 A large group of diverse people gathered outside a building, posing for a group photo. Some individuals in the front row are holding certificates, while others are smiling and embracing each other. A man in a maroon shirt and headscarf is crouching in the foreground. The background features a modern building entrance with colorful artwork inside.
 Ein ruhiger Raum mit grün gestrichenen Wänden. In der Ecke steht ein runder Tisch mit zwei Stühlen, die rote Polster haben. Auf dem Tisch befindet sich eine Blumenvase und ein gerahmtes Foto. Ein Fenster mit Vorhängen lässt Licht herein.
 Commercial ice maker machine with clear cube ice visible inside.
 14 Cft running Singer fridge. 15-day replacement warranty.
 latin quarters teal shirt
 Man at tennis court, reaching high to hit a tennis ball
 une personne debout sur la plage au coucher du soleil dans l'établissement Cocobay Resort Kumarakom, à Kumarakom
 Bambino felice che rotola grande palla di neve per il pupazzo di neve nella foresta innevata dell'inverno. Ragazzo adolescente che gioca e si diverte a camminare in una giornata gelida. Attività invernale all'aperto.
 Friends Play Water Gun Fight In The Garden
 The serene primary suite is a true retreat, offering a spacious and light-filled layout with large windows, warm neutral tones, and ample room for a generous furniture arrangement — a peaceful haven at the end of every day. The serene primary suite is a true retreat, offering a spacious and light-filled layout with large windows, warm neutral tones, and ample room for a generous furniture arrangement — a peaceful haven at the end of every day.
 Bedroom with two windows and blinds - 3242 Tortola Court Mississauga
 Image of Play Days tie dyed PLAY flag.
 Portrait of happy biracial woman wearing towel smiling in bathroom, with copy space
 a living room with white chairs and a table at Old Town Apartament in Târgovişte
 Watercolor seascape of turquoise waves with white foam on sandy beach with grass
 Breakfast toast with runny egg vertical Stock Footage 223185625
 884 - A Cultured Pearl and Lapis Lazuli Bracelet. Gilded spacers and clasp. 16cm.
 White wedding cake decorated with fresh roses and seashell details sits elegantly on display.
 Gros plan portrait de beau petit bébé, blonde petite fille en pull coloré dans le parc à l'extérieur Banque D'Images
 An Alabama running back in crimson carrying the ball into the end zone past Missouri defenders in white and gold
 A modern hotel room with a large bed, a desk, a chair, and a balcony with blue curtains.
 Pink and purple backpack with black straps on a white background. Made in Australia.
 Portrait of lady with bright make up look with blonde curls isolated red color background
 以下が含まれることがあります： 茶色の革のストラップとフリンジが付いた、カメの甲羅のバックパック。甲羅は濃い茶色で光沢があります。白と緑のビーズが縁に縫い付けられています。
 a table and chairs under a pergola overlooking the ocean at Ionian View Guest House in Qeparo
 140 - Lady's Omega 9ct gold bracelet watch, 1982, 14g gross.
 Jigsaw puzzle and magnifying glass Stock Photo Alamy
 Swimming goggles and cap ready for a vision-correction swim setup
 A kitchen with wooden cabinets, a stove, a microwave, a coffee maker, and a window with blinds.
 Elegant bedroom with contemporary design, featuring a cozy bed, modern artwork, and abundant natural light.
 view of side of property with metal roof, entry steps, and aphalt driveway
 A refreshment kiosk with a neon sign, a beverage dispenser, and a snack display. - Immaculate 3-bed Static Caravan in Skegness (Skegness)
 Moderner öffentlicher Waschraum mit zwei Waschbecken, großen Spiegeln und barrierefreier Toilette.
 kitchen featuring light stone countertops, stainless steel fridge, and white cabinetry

> _Instructions for the task_:
Transcribe each entry precisely, missing none.

> _Your response_:
 A large group of diverse people gathered outside a building, posing for a group photo. Some individuals in the front row are holding certificates, while others are smiling and embracing each other. A man in a maroon shirt and headscarf is crouching in the foreground. The background features a modern building entrance with colorful artwork inside.
 Ein ruhiger Raum mit grün gestrichenen Wänden. In der Ecke steht ein runder Tisch mit zwei Stühlen, die rote Polster haben. Auf dem Tisch befindet sich eine Blumenvase und ein gerahmtes Foto. Ein Fenster mit Vorhängen lässt Licht herein.
 Commercial ice maker machine with clear cube ice visible inside.
 14 Cft running Singer fridge. 15-day replacement warranty.
 latin quarters teal shirt
 Man at tennis court, reaching high to hit a tennis ball
 une personne debout sur la plage au coucher du soleil dans l'établissement Cocobay Resort Kumarakom, à Kumarakom
 Bambino felice che rotola grande palla di neve per il pupazzo di neve nella foresta innevata dell'inverno. Ragazzo adolescente che gioca e si diverte a camminare in una giornata gelida. Attività invernale all'aperto.
 Friends Play Water Gun Fight In The Garden
 The serene primary suite is a true retreat, offering a spacious and light-filled layout with large windows, warm neutral tones, and ample room for a generous furniture arrangement — a peaceful haven at the end of every day. The serene primary suite is a true retreat, offering a spacious and light-filled layout with large windows, warm neutral tones, and ample room for a generous furniture arrangement — a peaceful haven at the end of every day.
 Bedroom with two windows and blinds - 3242 Tortola Court Mississauga
 Image of Play Days tie dyed PLAY flag.
 Portrait of happy biracial woman wearing towel smiling in bathroom, with copy space
 a living room with white chairs and a table at Old Town Apartament in Târgovişte
 Watercolor seascape of turquoise waves with white foam on sandy beach with grass
 Breakfast toast with runny egg vertical Stock Footage 223185625
 884 - A Cultured Pearl and Lapis Lazuli Bracelet. Gilded spacers and clasp. 16cm.
 White wedding cake decorated with fresh roses and seashell details sits elegantly on display.
 Gros plan portrait de beau petit bébé, blonde petite fille en pull coloré dans le parc à l'extérieur Banque D'Images
 An Alabama running back in crimson carrying the ball into the end zone past Missouri defenders in white and gold
 A modern hotel room with a large bed, a desk, a chair, and a balcony with blue curtains.
 Pink and purple backpack with black straps on a white background. Made in Australia.
 Portrait of lady with bright make up look with blonde curls isolated red color background
 以下が含まれることがあります： 茶色の革のストラップとフリンジが付いた、カメの甲羅のバックパック。甲羅は濃い茶色で光沢があります。白と緑のビーズが縁に縫い付けられています。
 a table and chairs under a pergola overlooking the ocean at Ionian View Guest House in Qeparo
 140 - Lady's Omega 9ct gold bracelet watch, 1982, 14g gross.
 Jigsaw puzzle and magnifying glass Stock Photo Alamy
 Swimming goggles and cap ready for a vision-correction swim setup
 A kitchen with wooden cabinets, a stove, a microwave, a coffee maker, and a window with blinds.
 Elegant bedroom with contemporary design, featuring a cozy bed, modern artwork, and abundant natural light.
 view of side of property with metal roof, entry steps, and aphalt driveway
 A refreshment kiosk with a neon sign, a beverage dispenser, and a snack display. - Immaculate 3-bed Static Caravan in Skegness (Skegness)
 Moderner öffentlicher Waschraum mit zwei Waschbecken, großen Spiegeln und barrierefreier Toilette.
 kitchen featuring light stone countertops, stainless steel fridge, and white cabinetry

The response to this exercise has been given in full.